Could every line of the data be printed exactly as it reads?
::: INPUT FOR THIS TASK
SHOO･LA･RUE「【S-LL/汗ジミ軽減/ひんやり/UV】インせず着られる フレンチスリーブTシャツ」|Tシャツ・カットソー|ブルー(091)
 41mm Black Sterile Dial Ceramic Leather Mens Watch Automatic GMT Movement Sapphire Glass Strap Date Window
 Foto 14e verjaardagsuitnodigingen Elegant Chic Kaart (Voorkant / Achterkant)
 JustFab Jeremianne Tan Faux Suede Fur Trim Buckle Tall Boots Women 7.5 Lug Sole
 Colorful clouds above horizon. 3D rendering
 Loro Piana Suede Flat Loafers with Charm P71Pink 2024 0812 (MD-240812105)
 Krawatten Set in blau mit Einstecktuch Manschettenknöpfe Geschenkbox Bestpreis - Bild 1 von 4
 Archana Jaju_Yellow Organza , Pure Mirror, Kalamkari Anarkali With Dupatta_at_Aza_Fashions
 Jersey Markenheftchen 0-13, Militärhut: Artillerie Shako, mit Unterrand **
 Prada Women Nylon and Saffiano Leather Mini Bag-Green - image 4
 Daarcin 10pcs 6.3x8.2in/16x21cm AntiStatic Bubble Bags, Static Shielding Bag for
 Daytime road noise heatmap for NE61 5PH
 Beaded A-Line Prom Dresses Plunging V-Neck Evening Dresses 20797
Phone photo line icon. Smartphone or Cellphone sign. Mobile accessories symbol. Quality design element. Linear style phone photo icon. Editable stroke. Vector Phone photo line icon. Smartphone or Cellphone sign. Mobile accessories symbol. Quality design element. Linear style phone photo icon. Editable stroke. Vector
::::::
COMPLETED EXERCISE -
SHOO･LA･RUE「【S-LL/汗ジミ軽減/ひんやり/UV】インせず着られる フレンチスリーブTシャツ」|Tシャツ・カットソー|ブルー(091)
 41mm Black Sterile Dial Ceramic Leather Mens Watch Automatic GMT Movement Sapphire Glass Strap Date Window
 Foto 14e verjaardagsuitnodigingen Elegant Chic Kaart (Voorkant / Achterkant)
 JustFab Jeremianne Tan Faux Suede Fur Trim Buckle Tall Boots Women 7.5 Lug Sole
 Colorful clouds above horizon. 3D rendering
 Loro Piana Suede Flat Loafers with Charm P71Pink 2024 0812 (MD-240812105)
 Krawatten Set in blau mit Einstecktuch Manschettenknöpfe Geschenkbox Bestpreis - Bild 1 von 4
 Archana Jaju_Yellow Organza , Pure Mirror, Kalamkari Anarkali With Dupatta_at_Aza_Fashions
 Jersey Markenheftchen 0-13, Militärhut: Artillerie Shako, mit Unterrand **
 Prada Women Nylon and Saffiano Leather Mini Bag-Green - image 4
 Daarcin 10pcs 6.3x8.2in/16x21cm AntiStatic Bubble Bags, Static Shielding Bag for
 Daytime road noise heatmap for NE61 5PH
 Beaded A-Line Prom Dresses Plunging V-Neck Evening Dresses 20797
Phone photo line icon. Smartphone or Cellphone sign. Mobile accessories symbol. Quality design element. Linear style phone photo icon. Editable stroke. Vector Phone photo line icon. Smartphone or Cellphone sign. Mobile accessories symbol. Quality design element. Linear style phone photo icon. Editable stroke. Vector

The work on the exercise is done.